● **Exercise objective**: Where the line containing "Togo 1977 10th" appears in the entries below, begin there and output every line through the last, exactly, minus the pictures.

(Saved data entries)
/---
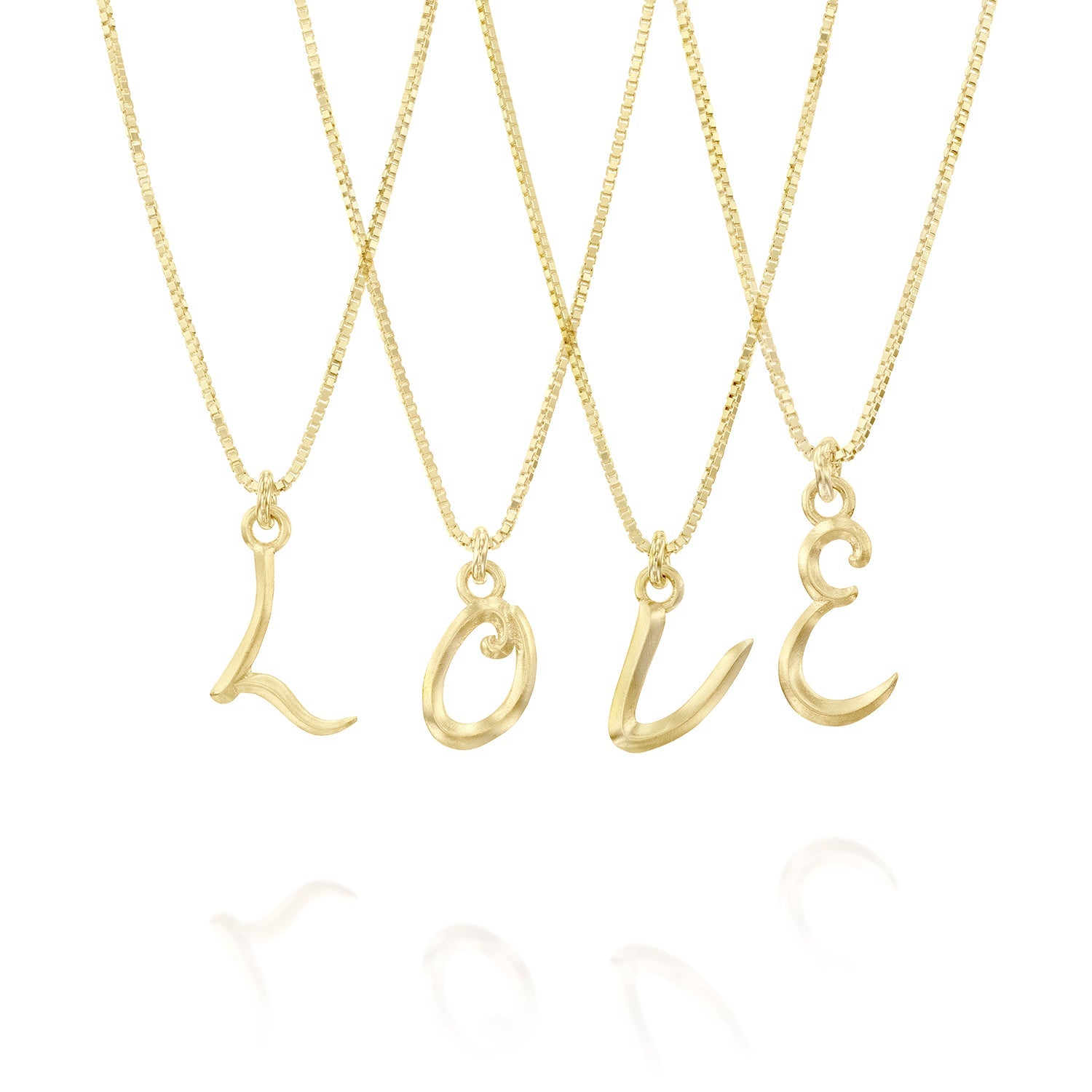 ELINA GLEIZER  Gold Letter Necklace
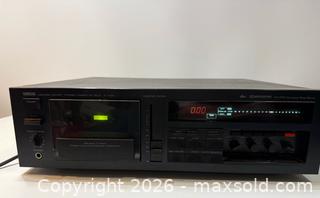 MaxSold Auction: Yamaha K-1020 Cassette Deck. Dolby dbx. - San Jose (California, USA) SELLER MANAGED Estate Sale Online Auction - South 16th Street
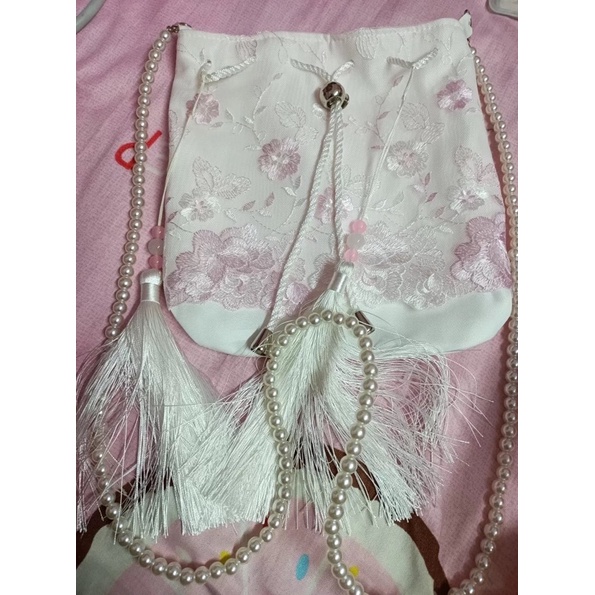 YASLC0092-Túi xách cổ trang Mie Mie thêu hoa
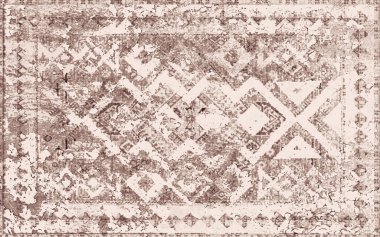 Orijinal yıkanmış efekt, halı tasarımı ve grunge desenli illüstrasyon 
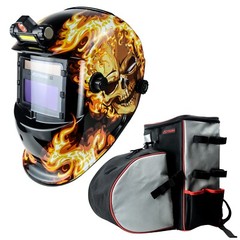 TRQWH True Color Welding Helmet with Light & Multipurpose Gear Bag, 1/1/1/2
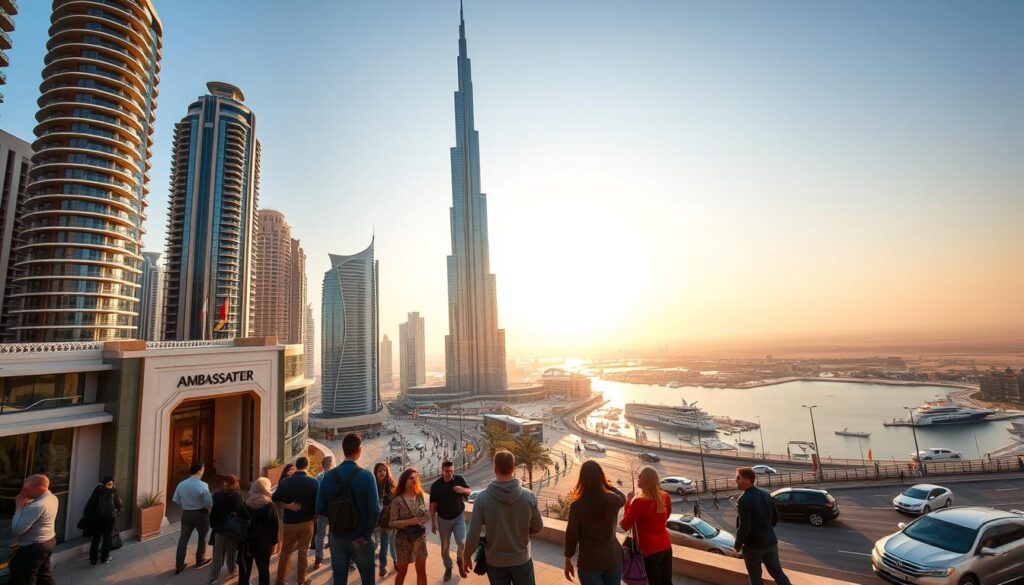 Abu Dhabi & Dubai City Tour Pickup From Ambassador Hotel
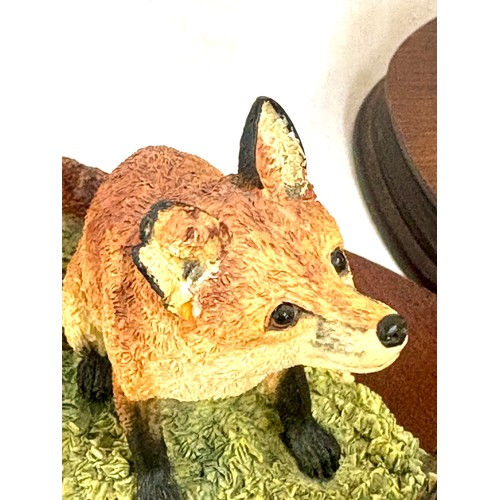 141 - Selection of 4 Border Fine Arts ornaments, all have sustained some damage to include Shire horses an... 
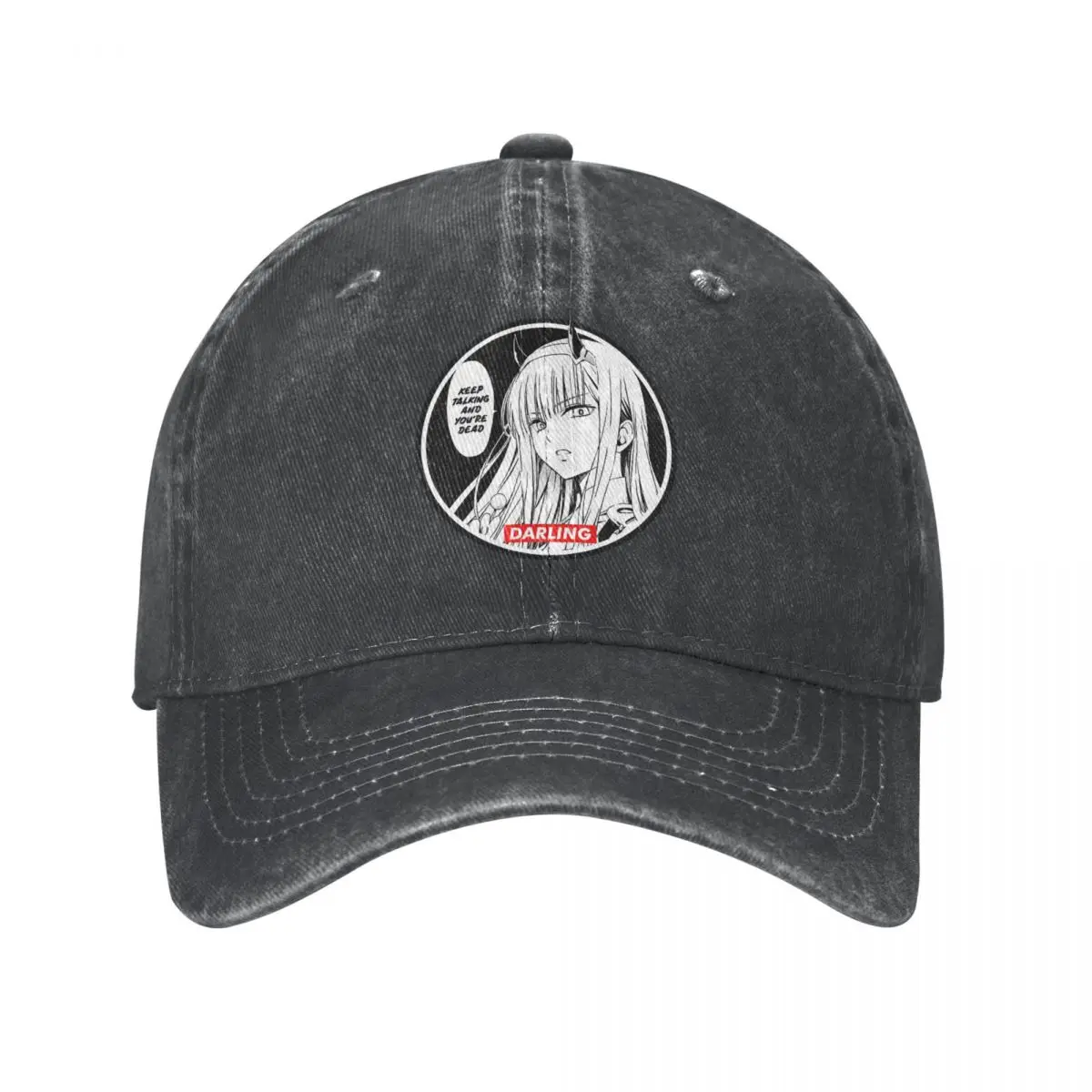 

Keep Talking And You Are Dead Baseball Cap cowboy hat Peaked cap Cowboy Bebop Hats Men and women hats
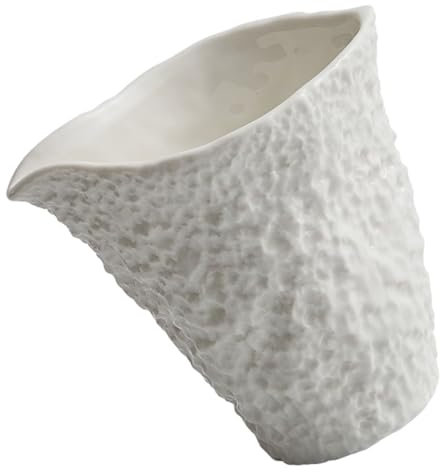 ABOOFAN Rock Pattern Ceramic Milk Can Sauce Boat for Restaurant Ceramic Gravy Pitcher Sauce Dispenser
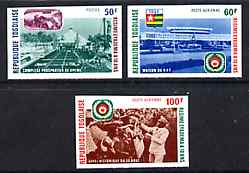 Togo 1977 10th Anniversary of Eyadema Regime imperf set of 3 from limited printing unmounted mint as SG 1181-83, stamps on mining, stamps on constitutions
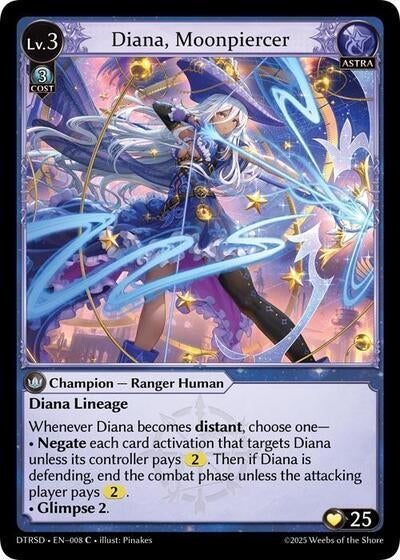 Diana, Moonpiercer (8) (Distorted Reflections Starter Decks)
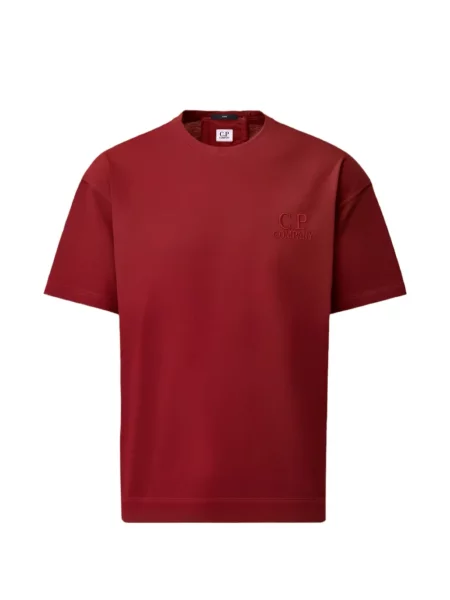 Tricou C.p. Company cu broderie roșu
\---
● **Task output**:
 Togo 1977 10th Anniversary of Eyadema Regime imperf set of 3 from limited printing unmounted mint as SG 1181-83, stamps on mining, stamps on constitutions
 Diana, Moonpiercer (8) (Distorted Reflections Starter Decks)
 Tricou C.p. Company cu broderie roșu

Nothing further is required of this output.